Short descriptive text snippets
_ _ _
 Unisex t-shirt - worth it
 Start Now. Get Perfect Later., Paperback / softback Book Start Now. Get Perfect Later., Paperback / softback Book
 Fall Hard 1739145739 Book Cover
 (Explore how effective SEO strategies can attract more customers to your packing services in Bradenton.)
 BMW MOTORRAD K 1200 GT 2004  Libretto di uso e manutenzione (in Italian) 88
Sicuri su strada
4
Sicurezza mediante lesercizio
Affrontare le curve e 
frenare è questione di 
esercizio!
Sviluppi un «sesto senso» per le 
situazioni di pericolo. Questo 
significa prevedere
_ _ _
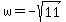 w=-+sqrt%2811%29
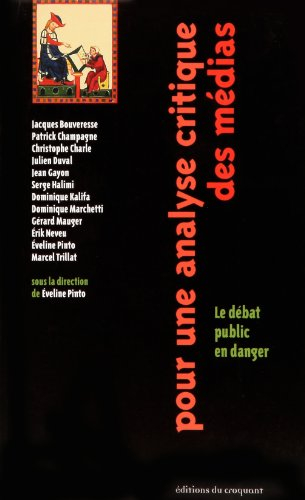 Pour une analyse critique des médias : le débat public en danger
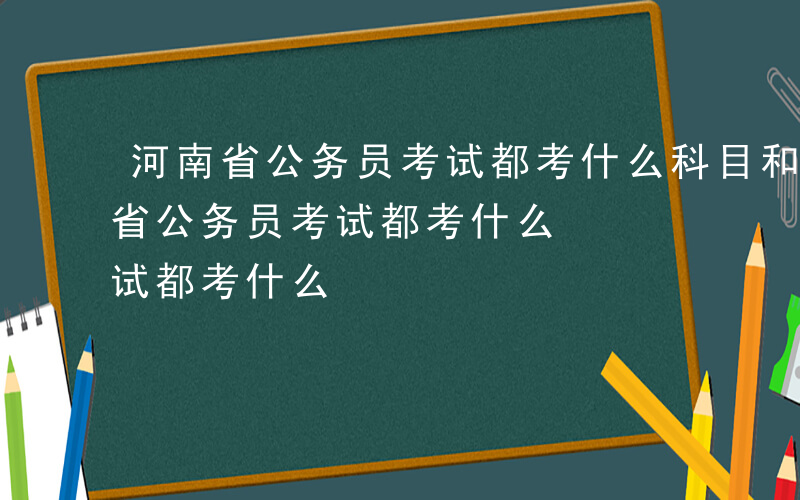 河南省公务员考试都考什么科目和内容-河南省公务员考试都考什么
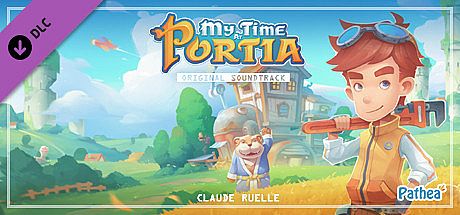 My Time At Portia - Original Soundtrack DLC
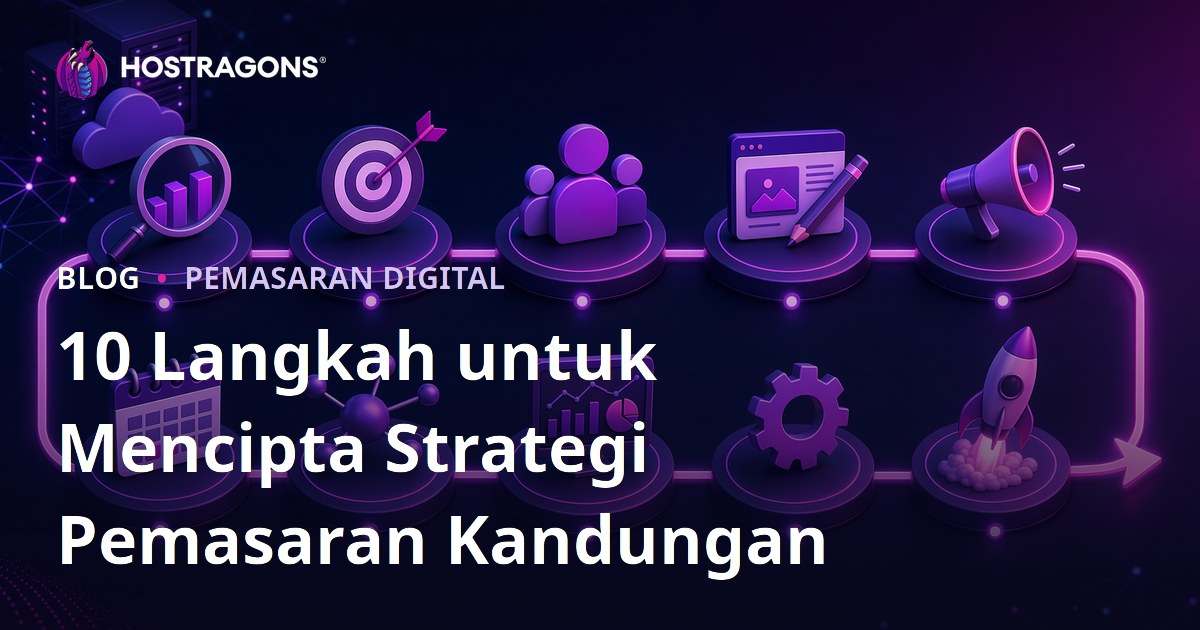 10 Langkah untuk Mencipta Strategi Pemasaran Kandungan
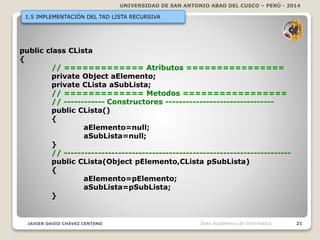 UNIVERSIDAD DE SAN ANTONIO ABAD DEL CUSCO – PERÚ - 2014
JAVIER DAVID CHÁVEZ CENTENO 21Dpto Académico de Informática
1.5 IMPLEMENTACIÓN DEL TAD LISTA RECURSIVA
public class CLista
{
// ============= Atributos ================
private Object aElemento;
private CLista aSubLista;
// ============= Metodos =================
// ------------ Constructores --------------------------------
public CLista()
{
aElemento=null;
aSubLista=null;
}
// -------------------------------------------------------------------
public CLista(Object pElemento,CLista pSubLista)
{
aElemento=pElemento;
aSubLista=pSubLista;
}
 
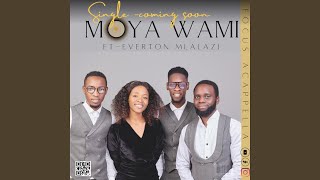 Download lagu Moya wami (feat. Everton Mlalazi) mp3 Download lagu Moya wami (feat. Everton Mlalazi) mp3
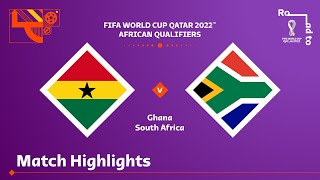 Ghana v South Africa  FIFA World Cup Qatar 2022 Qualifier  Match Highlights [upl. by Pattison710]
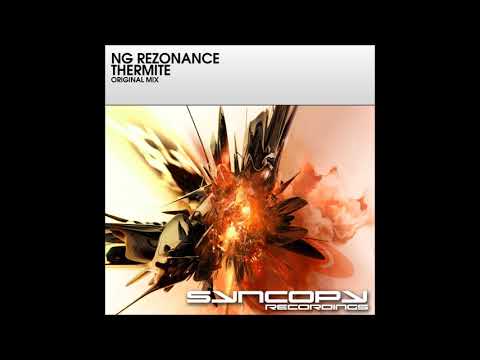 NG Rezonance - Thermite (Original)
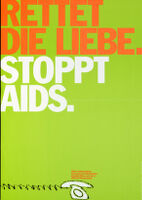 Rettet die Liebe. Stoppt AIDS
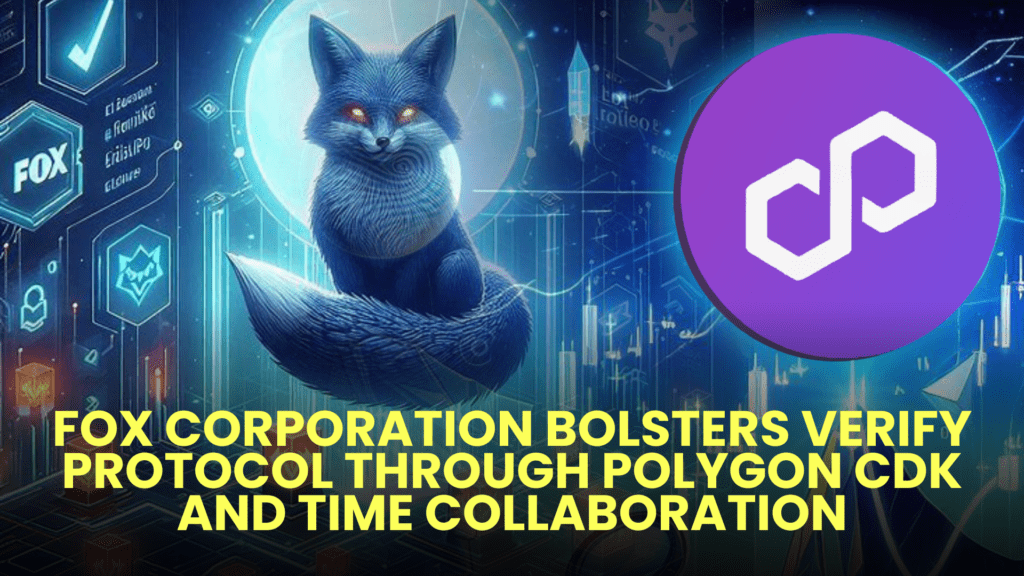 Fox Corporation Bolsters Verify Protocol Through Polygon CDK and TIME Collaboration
_ _ _
§ WHAT IS REQUIRED
Write out every line from the entries where "private" appears.

§ RESULT BELOW
private Object aElemento;
private CLista aSubLista;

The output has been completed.